Material for this exercise:
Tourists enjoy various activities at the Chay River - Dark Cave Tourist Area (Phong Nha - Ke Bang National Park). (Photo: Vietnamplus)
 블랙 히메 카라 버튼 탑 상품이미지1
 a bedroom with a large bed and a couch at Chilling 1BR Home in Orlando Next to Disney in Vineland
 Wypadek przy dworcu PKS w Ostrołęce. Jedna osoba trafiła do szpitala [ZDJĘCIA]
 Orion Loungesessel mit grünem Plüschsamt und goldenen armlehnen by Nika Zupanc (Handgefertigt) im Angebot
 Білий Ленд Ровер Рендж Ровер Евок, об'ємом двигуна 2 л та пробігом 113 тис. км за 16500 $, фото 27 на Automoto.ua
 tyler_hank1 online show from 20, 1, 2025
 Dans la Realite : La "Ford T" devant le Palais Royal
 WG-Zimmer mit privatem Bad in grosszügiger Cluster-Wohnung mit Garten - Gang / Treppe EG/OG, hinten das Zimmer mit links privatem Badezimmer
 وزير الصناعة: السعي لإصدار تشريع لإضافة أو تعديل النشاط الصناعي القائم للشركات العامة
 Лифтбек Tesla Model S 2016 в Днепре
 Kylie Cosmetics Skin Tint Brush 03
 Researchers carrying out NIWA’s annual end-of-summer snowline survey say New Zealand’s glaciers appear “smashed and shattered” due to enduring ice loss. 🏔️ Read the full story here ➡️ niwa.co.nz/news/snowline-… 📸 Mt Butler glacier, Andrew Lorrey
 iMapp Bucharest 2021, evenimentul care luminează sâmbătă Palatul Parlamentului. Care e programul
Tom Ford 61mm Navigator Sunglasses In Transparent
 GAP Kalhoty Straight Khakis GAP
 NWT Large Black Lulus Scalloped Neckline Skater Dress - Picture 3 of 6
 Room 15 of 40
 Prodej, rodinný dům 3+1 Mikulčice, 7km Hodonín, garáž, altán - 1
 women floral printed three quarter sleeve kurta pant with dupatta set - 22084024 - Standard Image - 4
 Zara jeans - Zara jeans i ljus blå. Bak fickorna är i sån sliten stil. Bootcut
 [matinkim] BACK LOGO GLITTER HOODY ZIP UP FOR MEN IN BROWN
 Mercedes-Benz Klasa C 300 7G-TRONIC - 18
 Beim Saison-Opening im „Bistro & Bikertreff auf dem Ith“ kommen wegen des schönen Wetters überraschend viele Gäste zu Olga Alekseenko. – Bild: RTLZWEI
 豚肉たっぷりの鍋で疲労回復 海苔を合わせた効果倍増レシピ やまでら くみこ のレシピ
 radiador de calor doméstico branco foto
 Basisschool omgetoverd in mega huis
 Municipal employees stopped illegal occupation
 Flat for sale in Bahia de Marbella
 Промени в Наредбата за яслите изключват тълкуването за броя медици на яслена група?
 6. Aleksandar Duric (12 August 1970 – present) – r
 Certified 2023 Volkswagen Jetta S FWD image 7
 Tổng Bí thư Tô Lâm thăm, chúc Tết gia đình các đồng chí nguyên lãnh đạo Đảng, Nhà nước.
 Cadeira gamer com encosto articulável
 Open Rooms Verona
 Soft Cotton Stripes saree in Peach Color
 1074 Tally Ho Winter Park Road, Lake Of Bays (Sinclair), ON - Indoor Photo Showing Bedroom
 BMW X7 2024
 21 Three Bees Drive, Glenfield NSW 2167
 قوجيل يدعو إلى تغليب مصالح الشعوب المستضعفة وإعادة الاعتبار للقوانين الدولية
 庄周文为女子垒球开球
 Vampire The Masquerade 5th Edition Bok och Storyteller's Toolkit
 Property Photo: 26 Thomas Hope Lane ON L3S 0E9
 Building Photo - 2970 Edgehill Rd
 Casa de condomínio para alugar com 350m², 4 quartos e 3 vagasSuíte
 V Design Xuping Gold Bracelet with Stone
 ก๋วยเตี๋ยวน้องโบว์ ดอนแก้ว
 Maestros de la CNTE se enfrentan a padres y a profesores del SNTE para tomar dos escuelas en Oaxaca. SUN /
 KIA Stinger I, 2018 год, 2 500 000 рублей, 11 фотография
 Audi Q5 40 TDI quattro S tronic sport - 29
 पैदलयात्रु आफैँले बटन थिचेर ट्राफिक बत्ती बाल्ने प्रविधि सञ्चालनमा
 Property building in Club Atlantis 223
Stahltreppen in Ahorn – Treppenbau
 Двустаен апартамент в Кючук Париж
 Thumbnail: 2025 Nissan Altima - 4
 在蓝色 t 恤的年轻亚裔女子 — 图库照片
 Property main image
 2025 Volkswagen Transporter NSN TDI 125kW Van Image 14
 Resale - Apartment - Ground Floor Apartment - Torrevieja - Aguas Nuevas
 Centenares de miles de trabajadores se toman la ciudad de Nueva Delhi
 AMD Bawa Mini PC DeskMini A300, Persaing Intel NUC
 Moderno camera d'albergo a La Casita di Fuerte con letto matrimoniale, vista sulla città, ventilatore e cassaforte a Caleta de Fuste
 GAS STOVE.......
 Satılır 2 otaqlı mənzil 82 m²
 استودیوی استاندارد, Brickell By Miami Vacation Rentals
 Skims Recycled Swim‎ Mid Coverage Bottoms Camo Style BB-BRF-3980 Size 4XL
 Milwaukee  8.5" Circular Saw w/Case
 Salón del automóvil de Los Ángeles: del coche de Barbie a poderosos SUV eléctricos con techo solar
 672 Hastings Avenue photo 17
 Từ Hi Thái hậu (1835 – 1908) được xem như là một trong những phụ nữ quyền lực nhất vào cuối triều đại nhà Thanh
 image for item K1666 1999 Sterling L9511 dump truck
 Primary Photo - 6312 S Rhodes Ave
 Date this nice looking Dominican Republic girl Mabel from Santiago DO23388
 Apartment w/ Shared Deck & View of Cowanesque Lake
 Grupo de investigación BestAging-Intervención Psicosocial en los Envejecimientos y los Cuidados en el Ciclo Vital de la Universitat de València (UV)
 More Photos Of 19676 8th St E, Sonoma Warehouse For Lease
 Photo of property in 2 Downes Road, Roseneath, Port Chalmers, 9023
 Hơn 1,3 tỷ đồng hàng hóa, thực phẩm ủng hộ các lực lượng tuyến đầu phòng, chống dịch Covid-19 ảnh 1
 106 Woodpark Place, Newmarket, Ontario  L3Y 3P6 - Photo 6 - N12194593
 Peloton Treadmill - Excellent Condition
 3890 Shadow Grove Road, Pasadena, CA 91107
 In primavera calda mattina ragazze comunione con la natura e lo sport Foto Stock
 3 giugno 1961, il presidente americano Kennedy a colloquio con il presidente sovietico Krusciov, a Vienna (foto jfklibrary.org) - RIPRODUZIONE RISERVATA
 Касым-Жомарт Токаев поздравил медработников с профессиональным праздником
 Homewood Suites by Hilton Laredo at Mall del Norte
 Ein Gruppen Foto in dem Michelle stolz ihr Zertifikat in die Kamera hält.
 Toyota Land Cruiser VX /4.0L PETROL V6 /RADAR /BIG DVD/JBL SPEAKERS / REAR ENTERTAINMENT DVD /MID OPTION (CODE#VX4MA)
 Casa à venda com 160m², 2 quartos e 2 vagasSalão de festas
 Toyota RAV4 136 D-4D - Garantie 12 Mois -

Exercise objective: From the material above, set down exactly the lines starting at the one with "Audi Q5 40 TDI quattro S tronic sport - 29" and ending at the one with "Skims Recycled Swim‎", end lines included.

Answer to this task:
 Audi Q5 40 TDI quattro S tronic sport - 29
 पैदलयात्रु आफैँले बटन थिचेर ट्राफिक बत्ती बाल्ने प्रविधि सञ्चालनमा
 Property building in Club Atlantis 223
Stahltreppen in Ahorn – Treppenbau
 Двустаен апартамент в Кючук Париж
 Thumbnail: 2025 Nissan Altima - 4
 在蓝色 t 恤的年轻亚裔女子 — 图库照片
 Property main image
 2025 Volkswagen Transporter NSN TDI 125kW Van Image 14
 Resale - Apartment - Ground Floor Apartment - Torrevieja - Aguas Nuevas
 Centenares de miles de trabajadores se toman la ciudad de Nueva Delhi
 AMD Bawa Mini PC DeskMini A300, Persaing Intel NUC
 Moderno camera d'albergo a La Casita di Fuerte con letto matrimoniale, vista sulla città, ventilatore e cassaforte a Caleta de Fuste
 GAS STOVE.......
 Satılır 2 otaqlı mənzil 82 m²
 استودیوی استاندارد, Brickell By Miami Vacation Rentals
 Skims Recycled Swim‎ Mid Coverage Bottoms Camo Style BB-BRF-3980 Size 4XL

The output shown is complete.